Work request: Look below for the line that contains "N518尼龙丁腈防滑防油浸胶胶手套涂胶防护劳保手套蓝色丁 晴丁青", then copy it and each following line exactly, through and including the line that contains "Treasures SS4440DS1216 Boxer".

Information given:
○ ○ ○
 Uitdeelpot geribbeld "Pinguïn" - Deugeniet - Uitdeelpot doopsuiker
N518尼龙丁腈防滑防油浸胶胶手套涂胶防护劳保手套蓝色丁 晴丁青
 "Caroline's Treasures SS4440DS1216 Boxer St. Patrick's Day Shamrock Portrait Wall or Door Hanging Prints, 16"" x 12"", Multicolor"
○ ○ ○
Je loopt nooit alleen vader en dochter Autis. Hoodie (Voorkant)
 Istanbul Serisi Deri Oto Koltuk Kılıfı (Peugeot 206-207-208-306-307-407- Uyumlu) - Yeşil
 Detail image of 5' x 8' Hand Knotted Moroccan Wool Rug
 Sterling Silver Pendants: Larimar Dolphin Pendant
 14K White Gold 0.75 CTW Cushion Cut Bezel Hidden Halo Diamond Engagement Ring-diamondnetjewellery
○ ○ ○
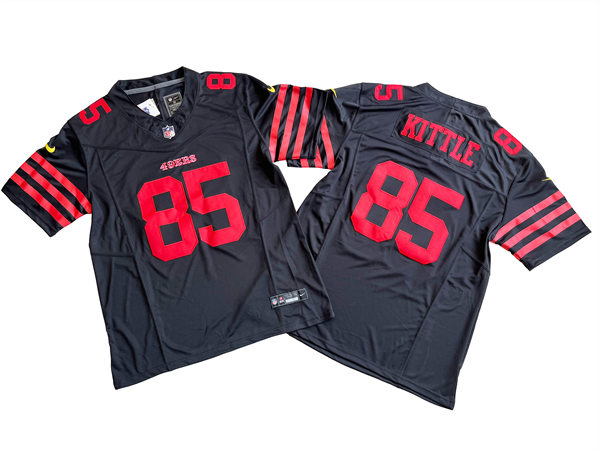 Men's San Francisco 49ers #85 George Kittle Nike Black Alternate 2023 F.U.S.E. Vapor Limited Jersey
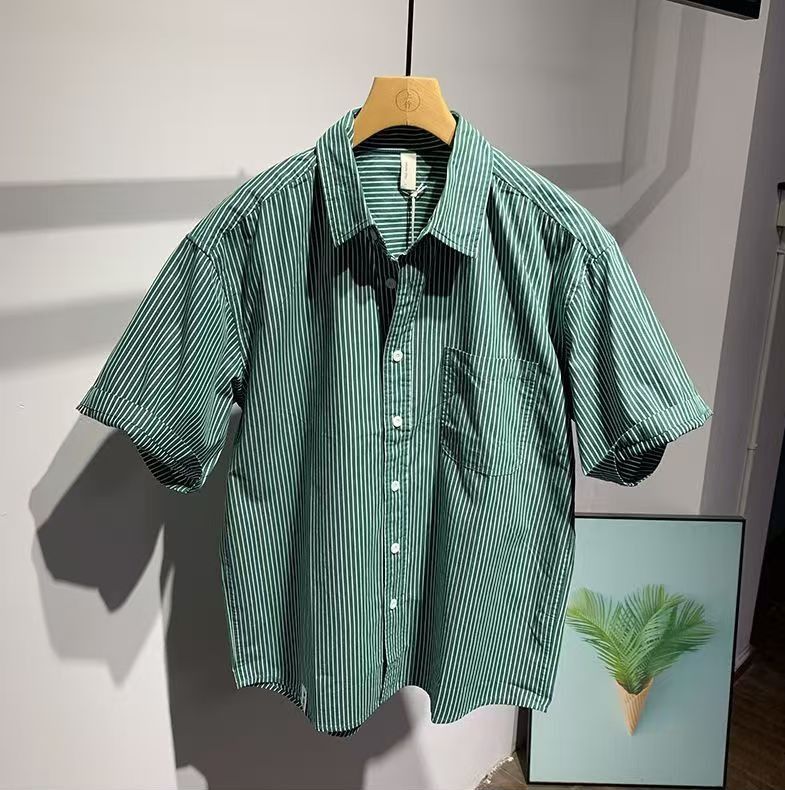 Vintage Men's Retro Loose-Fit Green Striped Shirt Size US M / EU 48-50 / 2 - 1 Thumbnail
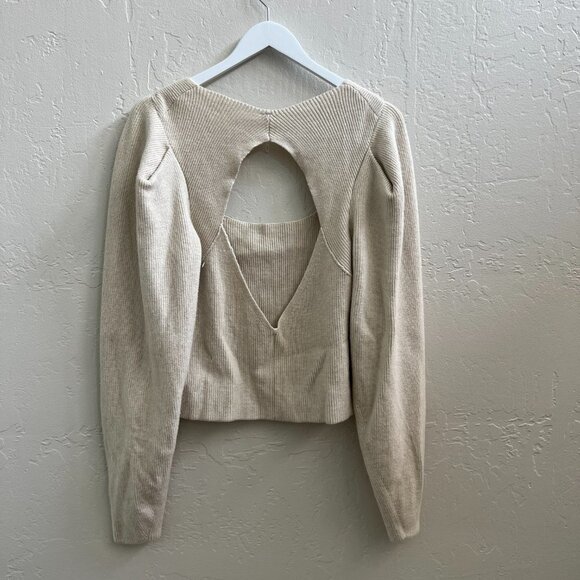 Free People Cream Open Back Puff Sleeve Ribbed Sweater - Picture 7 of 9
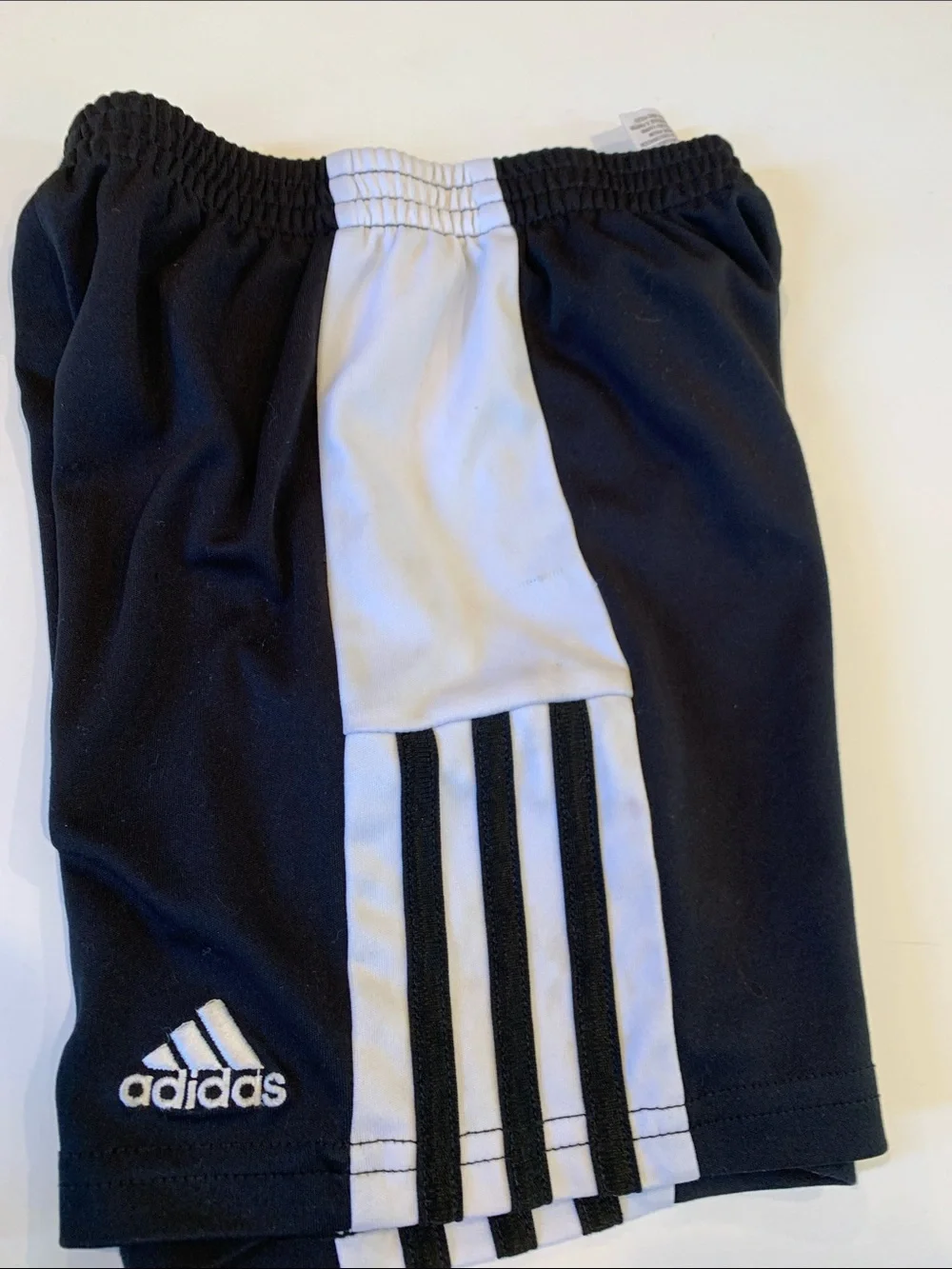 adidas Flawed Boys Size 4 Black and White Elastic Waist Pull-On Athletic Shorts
○ ○ ○
Response to the exercise:
N518尼龙丁腈防滑防油浸胶胶手套涂胶防护劳保手套蓝色丁 晴丁青
 "Caroline's Treasures SS4440DS1216 Boxer St. Patrick's Day Shamrock Portrait Wall or Door Hanging Prints, 16"" x 12"", Multicolor"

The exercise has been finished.